Eagleton would have done well to make more of the cultural differences inherent in the Gemeinschaft-Gesellschaft distinction. The former has a richly prescriptive culture and provides security in membership and position, though it may be insular and oppressive. Culture in the latter setting, by conatrast, is thin, much less prescriptive and embracing, lending itself to creation of anomic and egoistic circumstances. This distinction is noted in The Idea of Culture but is not well developed. Once again, I think, Eagleton's failure to appreciate the contribution of the social sciences as far back as the Nineteenth Century makes his work more difficult and less compelling. Why he settled on the bifurcation due to T. S. Eliot escapes me, especially since it raises unanswered -- perhaps unanswerable -- questions as to its provenance.
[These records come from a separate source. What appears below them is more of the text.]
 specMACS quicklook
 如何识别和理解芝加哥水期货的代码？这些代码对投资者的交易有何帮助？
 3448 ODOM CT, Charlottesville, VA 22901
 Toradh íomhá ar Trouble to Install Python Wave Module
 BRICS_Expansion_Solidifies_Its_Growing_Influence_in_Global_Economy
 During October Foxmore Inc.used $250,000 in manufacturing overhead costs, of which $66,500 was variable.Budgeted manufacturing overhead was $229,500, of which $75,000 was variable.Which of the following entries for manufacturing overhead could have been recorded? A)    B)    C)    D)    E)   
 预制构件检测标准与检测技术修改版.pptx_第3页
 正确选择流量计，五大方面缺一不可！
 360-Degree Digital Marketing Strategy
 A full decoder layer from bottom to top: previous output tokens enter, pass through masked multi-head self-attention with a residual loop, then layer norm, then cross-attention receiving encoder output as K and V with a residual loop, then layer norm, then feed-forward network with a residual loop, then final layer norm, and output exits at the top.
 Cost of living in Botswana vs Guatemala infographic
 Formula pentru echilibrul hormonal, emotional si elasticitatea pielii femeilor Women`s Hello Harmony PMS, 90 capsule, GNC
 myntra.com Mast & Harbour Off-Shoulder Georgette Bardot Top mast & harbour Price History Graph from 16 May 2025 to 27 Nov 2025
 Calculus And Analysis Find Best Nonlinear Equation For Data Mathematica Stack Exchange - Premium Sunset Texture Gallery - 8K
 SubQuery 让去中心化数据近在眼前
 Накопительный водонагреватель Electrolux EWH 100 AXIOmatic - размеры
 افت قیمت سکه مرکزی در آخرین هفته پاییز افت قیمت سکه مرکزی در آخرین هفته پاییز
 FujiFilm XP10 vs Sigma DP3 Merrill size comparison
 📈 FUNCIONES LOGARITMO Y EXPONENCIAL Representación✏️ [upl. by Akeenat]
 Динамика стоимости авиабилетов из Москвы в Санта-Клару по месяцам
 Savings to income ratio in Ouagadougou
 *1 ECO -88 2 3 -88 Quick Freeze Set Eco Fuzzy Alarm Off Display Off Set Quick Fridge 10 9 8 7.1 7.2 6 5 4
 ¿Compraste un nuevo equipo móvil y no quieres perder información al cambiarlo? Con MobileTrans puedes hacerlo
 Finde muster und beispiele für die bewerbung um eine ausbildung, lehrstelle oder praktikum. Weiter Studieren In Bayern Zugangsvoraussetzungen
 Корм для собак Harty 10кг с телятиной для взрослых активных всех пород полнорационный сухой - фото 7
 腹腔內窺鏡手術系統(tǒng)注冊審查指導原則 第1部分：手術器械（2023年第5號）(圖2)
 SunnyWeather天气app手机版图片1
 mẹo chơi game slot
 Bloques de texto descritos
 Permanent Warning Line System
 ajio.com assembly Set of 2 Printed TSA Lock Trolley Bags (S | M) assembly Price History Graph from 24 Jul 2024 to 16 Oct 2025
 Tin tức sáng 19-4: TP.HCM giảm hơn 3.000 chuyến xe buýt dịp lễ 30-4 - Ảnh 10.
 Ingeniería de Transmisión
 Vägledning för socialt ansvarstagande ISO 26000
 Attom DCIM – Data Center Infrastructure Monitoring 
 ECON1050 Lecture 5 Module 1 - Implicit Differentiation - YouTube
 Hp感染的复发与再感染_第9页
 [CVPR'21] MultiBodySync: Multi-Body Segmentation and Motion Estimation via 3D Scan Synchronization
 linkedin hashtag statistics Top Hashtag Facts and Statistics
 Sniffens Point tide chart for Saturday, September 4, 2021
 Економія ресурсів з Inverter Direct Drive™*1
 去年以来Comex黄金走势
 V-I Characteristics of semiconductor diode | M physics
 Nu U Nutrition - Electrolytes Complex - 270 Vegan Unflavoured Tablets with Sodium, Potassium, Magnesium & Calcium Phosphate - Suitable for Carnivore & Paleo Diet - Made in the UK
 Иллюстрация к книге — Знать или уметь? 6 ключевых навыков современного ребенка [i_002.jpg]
Furthermore, as Eagleton notes, it's commonplace to refer to a feminist culture, an American gun culture, a Neo-Nazi culture, and so on. However, these fail the taken-for-granted, unself-conscious test that I think is crucial. It seems that we need to find new ways of referring to social forms that are collective and real but not cultural.
Cointrius
Frankly, this is one of the worst books I have ever read. My ultimate displeasure with this book is not due to the ideas espoused, but to the almost incomprehensible nature of the author's writing. I simply could not find one strand of sustainable, coherent argumention in the entire book. I don't believe I have ever encountered a book wherein the authors says so many things but, in the end, says nothing at all. If you are looking for a good book on the nature and philosphy of culture, please, take my advice and look elsewhere.
INvait
If you can't handle criticism of America without getting all butthurt about it, I don't think you're really thinking critically about your own culture.